Residents and business owners have come to Queen City leaders fed up with bad behavior in downtown Burlington.
City Councilor Kurt Wright wants there to be stricter consequences for offenses.
"Issues like public drunkenness, public urination, harassment, open container laws, all of those quality of life type issues," said Wright, R-Burlington.
Right now if people get in trouble for these violations, they get a ticket. Wright is asking the City Council to consider upping the behavior from a civil offense to a misdemeanor for repeat offenders.
"For there to be consequences for people who just want to hang out on the street, drink, get drunk, cause trouble, and engage in bad and sometimes violent behavior," said Wright.
Police Chief Brandon del Pozo is on board with the idea.
"There are folks for whom the civil process is not a disincentive to change their behavior. They don't respond to tickets, often dozens and dozens of tickets. We need something else," said del Pozo.
If the Council gives the proposal the green light, a committee would determine which offenses would be included and how many repeat violations would make it a crime.
But not everybody thinks this option is the way to make the streets of Burlington safe. We spoke with Tom Dalton, the executive director of Vermonters for Criminal Justice Reform. He thinks the key is providing resources to those who have mental illness or who are homeless.
"That's what's going to remove them from the situation and reduce the difficult behaviors that people in the community are experiencing. It's the compassionate thing to do," said Dalton.

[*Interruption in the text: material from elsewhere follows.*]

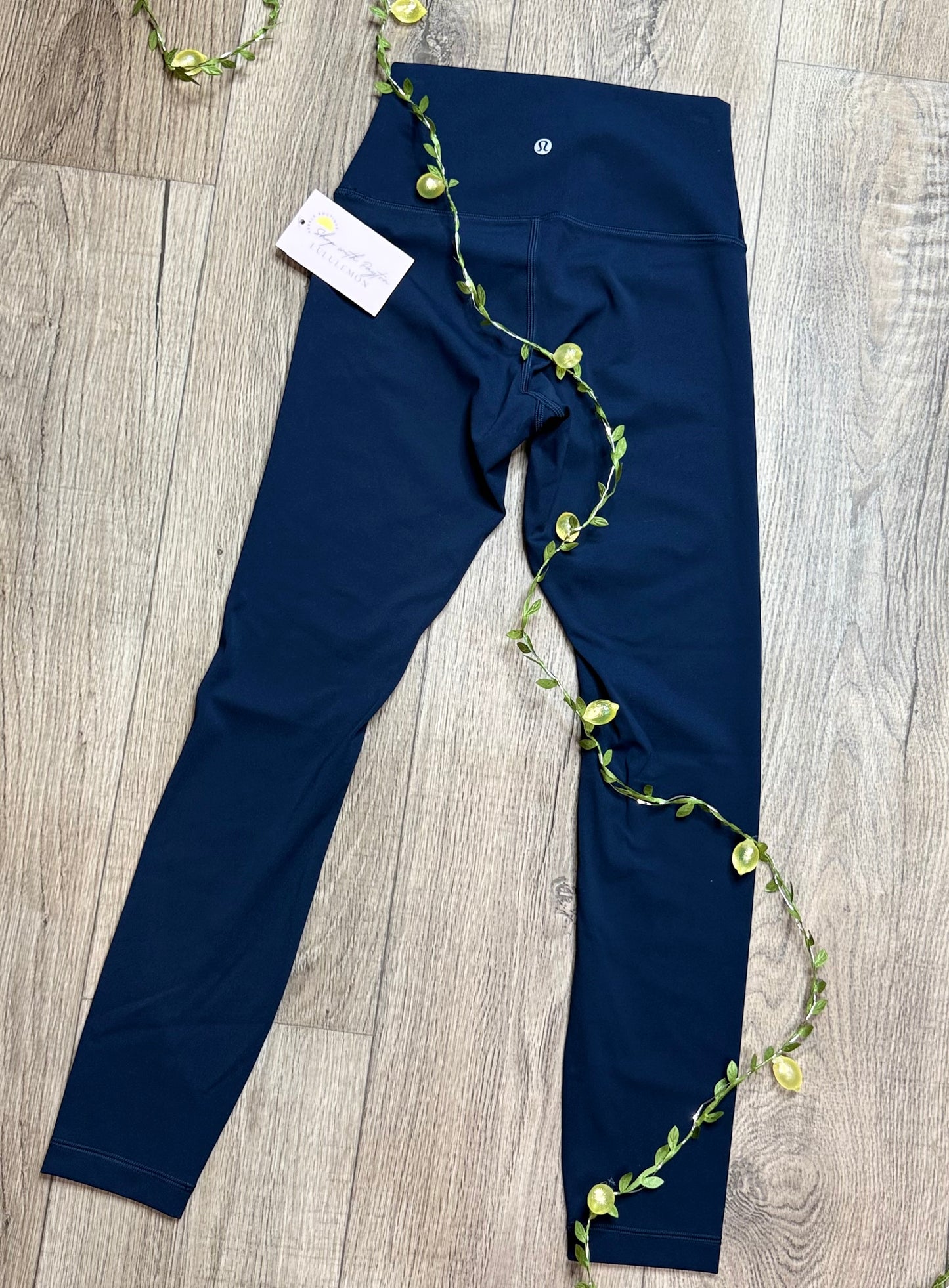 Wunder train hr tight 25” *Size 2, 4 & 8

Dalton worked in social services at the Howard Center for 17 years. He doesn't think harsher penalties will eliminate the problem.
"They're not going to show up to court because they don't have the mental health resources to make that type of thing happen. And then they're just going to get a warrant out for them and then they're going to become incarcerated and the jails are already full of people that are mentally ill," said Dalton.
Del Pozo agrees providing resources is important, but does think a new tool is necessary for more immediate change.
"We want to avert this crisis, not just keep reacting to it. And I think criminal deterrence will reach a certain part of the population that's not being reached right now," said del Pozo.
Burlington already has an ordinance that makes repeat noise violations criminal. The City Council will vote on whether to move forward with the idea at its next meeting Aug. 28.